Hoje, as poucas ferrovias que continuaram operando não são integradas nacionalmente e transportam quase exclusivamente cargas, com poucas exceções. Nos países desenvolvidos, a revolução rodoviária do pós-guerra não teve como conseqüência o abandono das ferrovias, como aconteceu aqui. No Nordeste, as linhas da Great Western Railway estatizada, que ligavam as capitais de Natal a Maceió ao Sertão, foram se deteriorando até serem desativadas. A concessão das linhas nordestinas à empresa privada Companhia Ferroviária do Nordeste (CFN) não trouxe o resultado esperado. A tão primordial e aguardada Transnordestina, que ligaria Pernambuco, Ceará, Bahia e Piauí, continua fora dos trilhos.
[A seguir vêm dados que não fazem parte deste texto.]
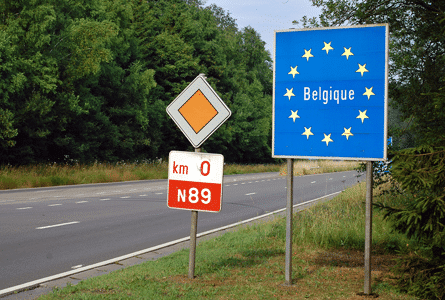 panneau Belgique sur le bord de la route
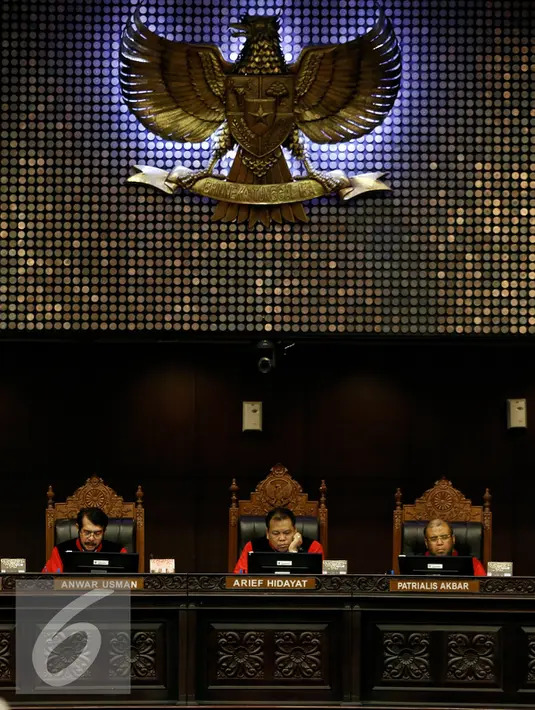 Ketua MK, Arief Hidayat memimpin putusan 3 gugatan perkara PHP kepala daerah 2015, Jakarta, Senin (22/2). Ketiga permohonan gugatan yang akan diputus adalah Kabupaten Halmahera Selatan, Mamberamo Raya, dan Kuantan Singingi. (Liputan6.com/Faizal Fanani)
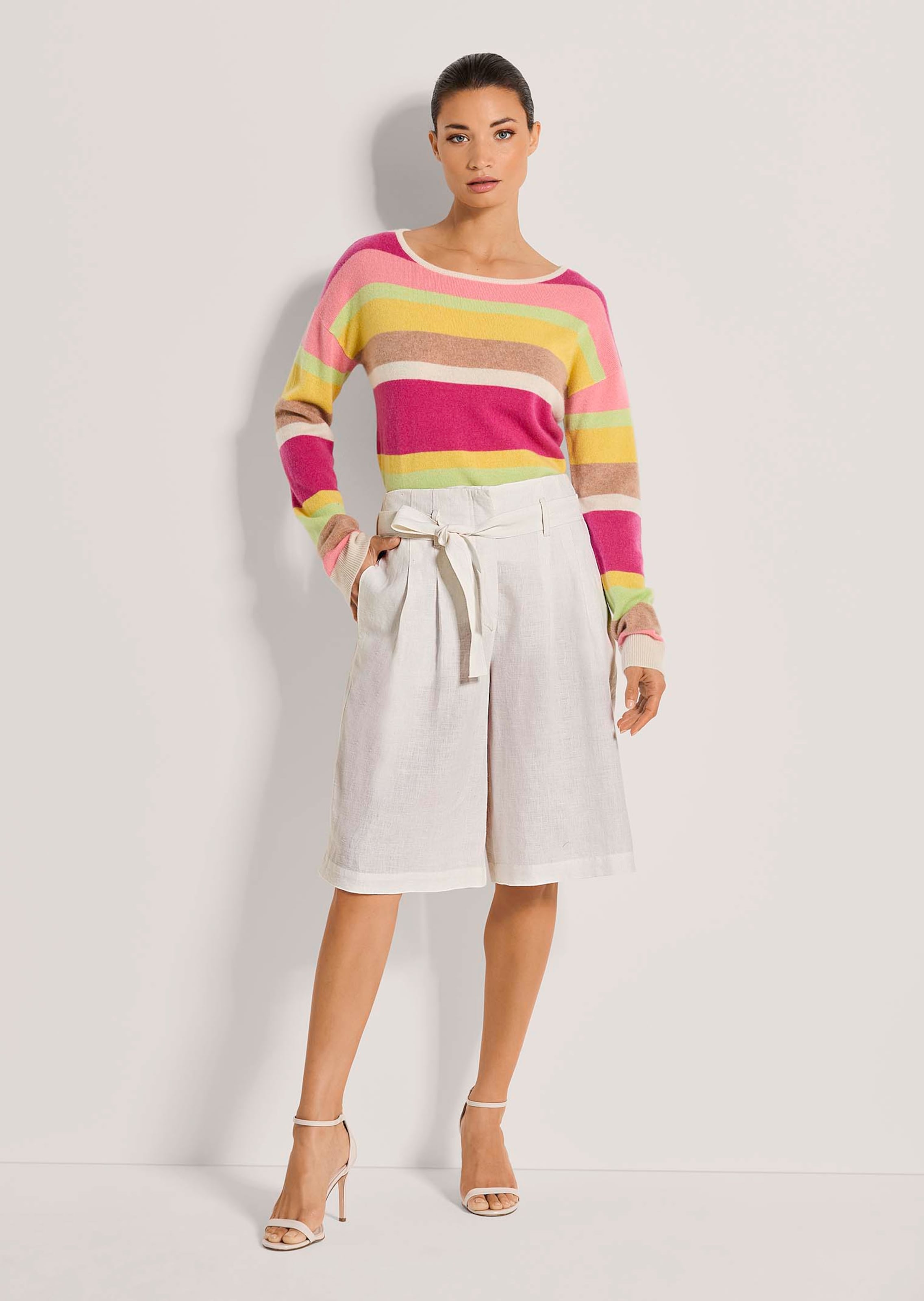 【THE MOZZ】[Premium] Linen Elin Shorts & Belt ?w=900&qlt=default&fmt.jp2.qlt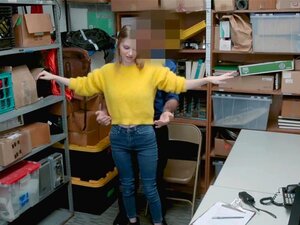 Die verdächtige Nadya mit großen Titten zieht sich nackt aus und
Daí o ultimato recente da ministra-chefe da Casa Civil e gerente maior do PAC, Dilma Roussef, cobrando ação das concessionárias e se referindo nominalmente ao atraso na construção dessa estrada e da Ferronorte, que ligará o Alto Araguaia a Rondonópolis, em Mato Grosso: “O País não pode esperar e não tem como atrasar mais a estruturação de ferrovias.” O presidente Luiz Inácio Lula da Silva chegou a atribuir o atraso das obras da CFN à inadimplência com a União da Companhia Siderúrgica Nacional (CSN), maior acionista da concessão nordestina, que liga Propriá, em Sergipe, a São Luís, no Maranhão. Apesar da privatização, o governo continua bancando parte dos custos da Transnordestina através do Fundo de Desenvolvimento do Nordeste. O restante virá da própria companhia e de empréstimo contratado com o BNDES.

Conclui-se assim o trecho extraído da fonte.